About this task
Return, without anything added, the lines from the one containing "Ann Taylor Black" through the end of the entries below, exactly as written.
--
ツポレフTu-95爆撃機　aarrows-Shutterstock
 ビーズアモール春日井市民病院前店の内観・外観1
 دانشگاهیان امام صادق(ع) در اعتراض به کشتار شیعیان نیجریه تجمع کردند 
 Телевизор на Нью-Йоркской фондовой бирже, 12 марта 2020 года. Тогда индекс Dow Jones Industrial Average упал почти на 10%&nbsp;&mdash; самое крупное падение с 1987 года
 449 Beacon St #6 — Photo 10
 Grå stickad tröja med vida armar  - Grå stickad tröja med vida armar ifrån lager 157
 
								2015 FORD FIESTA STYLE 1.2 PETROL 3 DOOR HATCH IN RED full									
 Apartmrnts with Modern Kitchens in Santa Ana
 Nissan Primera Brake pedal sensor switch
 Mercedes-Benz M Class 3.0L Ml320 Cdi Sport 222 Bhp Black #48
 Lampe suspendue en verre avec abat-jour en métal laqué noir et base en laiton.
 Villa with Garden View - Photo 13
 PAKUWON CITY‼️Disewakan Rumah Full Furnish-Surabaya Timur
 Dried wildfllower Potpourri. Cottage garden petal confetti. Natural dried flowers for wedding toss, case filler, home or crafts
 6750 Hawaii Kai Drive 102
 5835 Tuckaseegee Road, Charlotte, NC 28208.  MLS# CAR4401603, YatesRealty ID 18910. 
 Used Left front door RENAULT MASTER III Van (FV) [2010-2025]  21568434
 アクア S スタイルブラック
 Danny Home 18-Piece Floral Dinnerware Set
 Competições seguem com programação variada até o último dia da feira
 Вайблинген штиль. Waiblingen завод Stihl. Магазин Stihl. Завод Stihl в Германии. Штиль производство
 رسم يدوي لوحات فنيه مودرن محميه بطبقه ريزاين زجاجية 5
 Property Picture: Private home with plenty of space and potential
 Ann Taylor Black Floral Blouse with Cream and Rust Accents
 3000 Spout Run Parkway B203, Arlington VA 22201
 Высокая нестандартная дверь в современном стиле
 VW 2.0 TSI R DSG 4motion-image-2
--
Exercise answer
 Ann Taylor Black Floral Blouse with Cream and Rust Accents
 3000 Spout Run Parkway B203, Arlington VA 22201
 Высокая нестандартная дверь в современном стиле
 VW 2.0 TSI R DSG 4motion-image-2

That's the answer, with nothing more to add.